O halde yeni medyanın karakteristik özellikleri nelerdir? Yeni medyanın karakteristik özellikleri dijitallik, etkileşimsellik (interactivity), hipermetinsellik (hypertextuality), sanallık ve yayılım olarak belirtilmektedir (a.g.e.). Bunlara multimedya, asenkronik olması, çoktan-çoğa (many-to-many) iletişim, dar yayınlılık (narrowcasting), yöndeşme/yakınsama (convergence) da eklenebilir. Dijitallik, bilginin dijital formlarda oluşturulması veya iletilmesi anlamına gelmektedir. Etkileşimsellik, bu bilgiye herhangi bir kullanıcının erişebilmesini, birçok kişiyle etkileşime geçebilmesini ve içerik üretiminde bulunabilmesini sağlar. Hipermetinsellik, dijital ortamda var olan metnin içerisine başka bir metnin eklenmesi, metinlerin birbiriyle konuşması, etiket ve linklerle sonsuz metinler üretebilmesi ve okuyucunun sıçrama yaparak başka bir metne geçebilmesidir. Sanallık, kullanıcıya orada olma hissini veren, kullanıcının ara yüz ile kurduğu iletişimdir. Bu iletişim makine yani yapay zekâ ve insan arasında olabileceği gibi diğer insanlarla da olabilir (Binark). Yayılım, internetteki bir verinin sonsuza kadar yayılmasını ifade etmektedir. “Multimedya biçemselliğiyse, telekomünikasyon, veri iletimi, kitle iletişimi gibi iletişimin farklı boyutları ile imge, ses, metin ve sayısal veri gibi farklı veri türlerinin bir arada bulunmasıdır” (Binark 22). Yeni medya ortamında iletilen içerik aynı anda tüm alıcılara iletilmek durumunda değildir, farklı zamanlarda iletilebilmesi veya depolanabilmesi asenkronik olma özelliğine işaret etmektedir. Yeni medya ortamındaki iletişimin “birden fazla kaynaktan birden fazla alıcıya” karşılıklı olarak gerçekleşmesi, çoktan çoğa özelliğidir (Aslan 106). Dar yayıncılık özelliği ise, “hiyerarşik olmayan, herkesin kaynak olduğu gibi alıcı aktör de olabileceği bu ortamın, daha dar alıcı gruplarına hitap etmesidir” (a.g.e.). Gündelik yaşam pratiklerinde en çok kullanılan bir özellik ise yöndeşmedir. Yöndeşme, “telefon, radyo, televizyon ve bilgisayar dünyalarının entegrasyonu, tüm dijital medyanın tek bir ortamda içe içe geçmesi” olarak tanımlanmaktadır (Dijk 314). Yeni medyanın karakteristik özelliklerinin bu denli detaylı anlatılması yeni medyayla ilgili bir özcülük yaratmak için değil, gündelik yaşamın içine gömülü olan, gündelik yaşam pratiklerini köklü bir şekilde değiştiren yeni medya ortamlarının bunu hangi özelliklerle, nasıl gerçekleştirdiğini anlayabilmek içindir.

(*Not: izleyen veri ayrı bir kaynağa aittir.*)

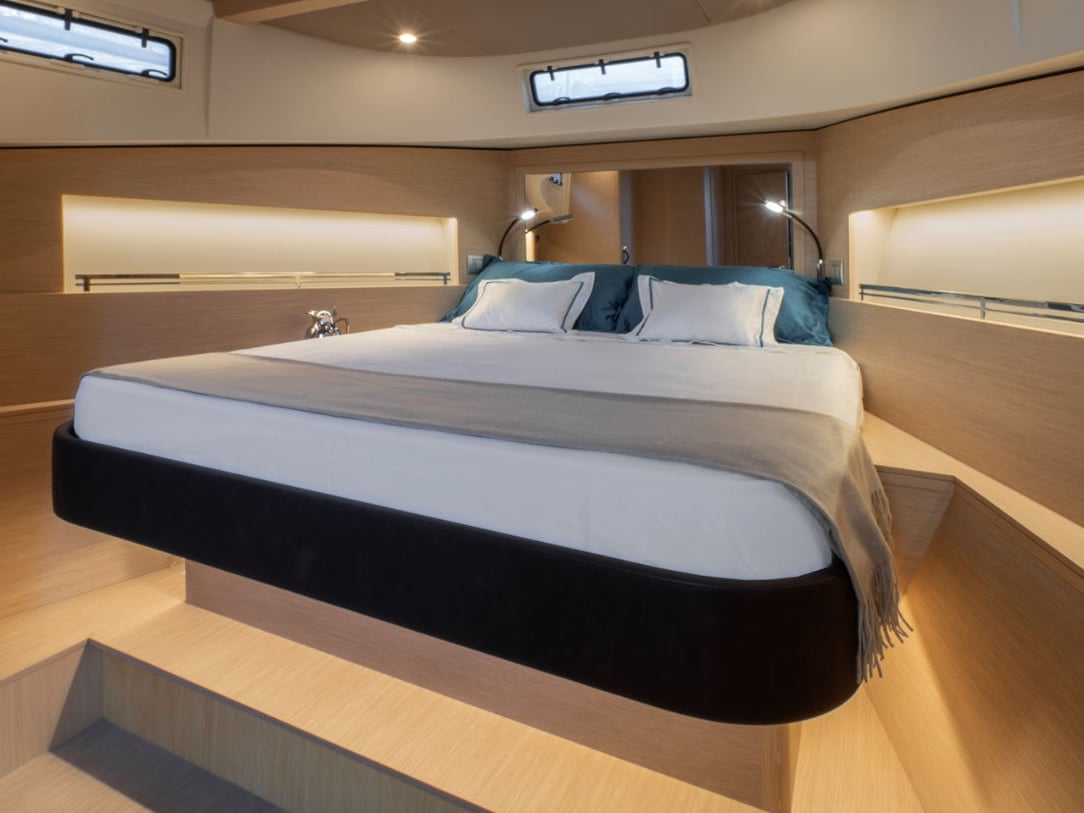 Fiona - Motor Yat içinde Split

Yeni medya ortamları ve yeni medya dolayımlı iletişim denildiğinde ise aşağıdakilerle sınırlı olmayarak akla bilgisayar oyunları, internet ortamı, cep telefonları, sanal gerçeklik ortamları, multimedya, yazılımlar, uygulamalar, web siteleri, sosyal medya, elektronik posta, interaktif televizyon ve ipodlar gelmektedir. Yeni medya ortamları gündelik rutinlerimizi değiştirmiştir, bu ortamlar bizler için hem araçsal teknolojiler hem tüketim ortamları hem de eğlence ve haz araçları haline gelmiştir (Binark). Bu ortamlar zaman ve uzam anlayışımızı değiştirerek geçişken / hibrit alanlar oluşturmaktadır. Yeni toplumsallaşma ve sosyalleşme biçimleri ortaya çıkmakta, yeni medya ortamları kamusal ve özel alan ayrımı deneyimimize eklemlenmektedir. Bu yeni ortamlar aracılığıyla benliklerimizi ve kimliklerimizi farklı şekillerde performe ve temsil etmekteyiz.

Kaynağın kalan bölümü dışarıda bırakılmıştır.